0

I am removing rows from a fairly large data frame using the following code.

try:
    df = df[~df['Full'].str.contains(myregex, regex=True, case=False)]
    return df

However, instead of decreasing the size of the data frame in memory on each iteration (large amounts of data are removed each time), the task manager shows increased memory utilization.

Before filtering starts, python uses ~4GB of memory but after the 22nd filtering event, it uses ~22GB of RAM.

Is there a way to remove matching entries from the data frame in a more efficient manner?

Edit: I use regex and contains.
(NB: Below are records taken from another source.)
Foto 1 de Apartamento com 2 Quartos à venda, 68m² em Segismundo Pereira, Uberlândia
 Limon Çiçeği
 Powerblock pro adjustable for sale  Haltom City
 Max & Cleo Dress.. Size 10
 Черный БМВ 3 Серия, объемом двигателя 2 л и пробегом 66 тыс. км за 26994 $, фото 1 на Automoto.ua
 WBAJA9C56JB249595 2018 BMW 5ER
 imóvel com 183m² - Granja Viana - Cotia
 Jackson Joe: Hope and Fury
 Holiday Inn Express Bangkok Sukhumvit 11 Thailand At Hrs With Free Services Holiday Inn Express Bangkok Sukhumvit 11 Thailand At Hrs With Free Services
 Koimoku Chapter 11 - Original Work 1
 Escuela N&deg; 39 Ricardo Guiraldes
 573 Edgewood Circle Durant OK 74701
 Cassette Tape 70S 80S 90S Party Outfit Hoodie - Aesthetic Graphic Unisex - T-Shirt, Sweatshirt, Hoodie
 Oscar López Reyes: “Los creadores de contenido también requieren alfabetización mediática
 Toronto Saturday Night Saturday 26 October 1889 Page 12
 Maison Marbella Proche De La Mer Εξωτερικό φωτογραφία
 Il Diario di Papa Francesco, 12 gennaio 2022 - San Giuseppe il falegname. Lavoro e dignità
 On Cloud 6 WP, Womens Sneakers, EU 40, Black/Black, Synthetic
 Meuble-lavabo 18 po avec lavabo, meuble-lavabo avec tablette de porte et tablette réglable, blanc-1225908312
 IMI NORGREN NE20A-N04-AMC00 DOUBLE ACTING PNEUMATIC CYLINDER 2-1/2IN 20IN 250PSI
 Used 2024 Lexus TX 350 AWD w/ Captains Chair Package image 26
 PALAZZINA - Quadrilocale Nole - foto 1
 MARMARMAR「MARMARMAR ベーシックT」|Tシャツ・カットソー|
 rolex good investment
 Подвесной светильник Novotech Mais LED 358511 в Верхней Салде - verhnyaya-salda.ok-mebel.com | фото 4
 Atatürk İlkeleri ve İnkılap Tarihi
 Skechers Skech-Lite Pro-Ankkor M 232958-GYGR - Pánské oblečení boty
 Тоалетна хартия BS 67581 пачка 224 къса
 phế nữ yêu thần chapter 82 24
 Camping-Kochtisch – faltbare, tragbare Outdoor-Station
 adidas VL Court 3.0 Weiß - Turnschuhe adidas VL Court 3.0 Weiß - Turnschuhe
I can't change that

simplex123
  • 47
  • 2
  • 7
  • you could also try processing the file in chunks, e.g. https://stackoverflow.com/a/25962187/1358308. just accumulate the data you want and discard everything else – Sam Mason Aug 21 '19 at 11:17

2 Answers2

2

You could try calling gc.collect() after each filtering event. Normally a collection is triggered after a certain amount of allocations and de-allocations. But if you only perform a small number of huge de-allocations you might want to trigger it manually.

Python itself doesn't seem to release memory back to the OS. But numpy (on which pandas is based) does.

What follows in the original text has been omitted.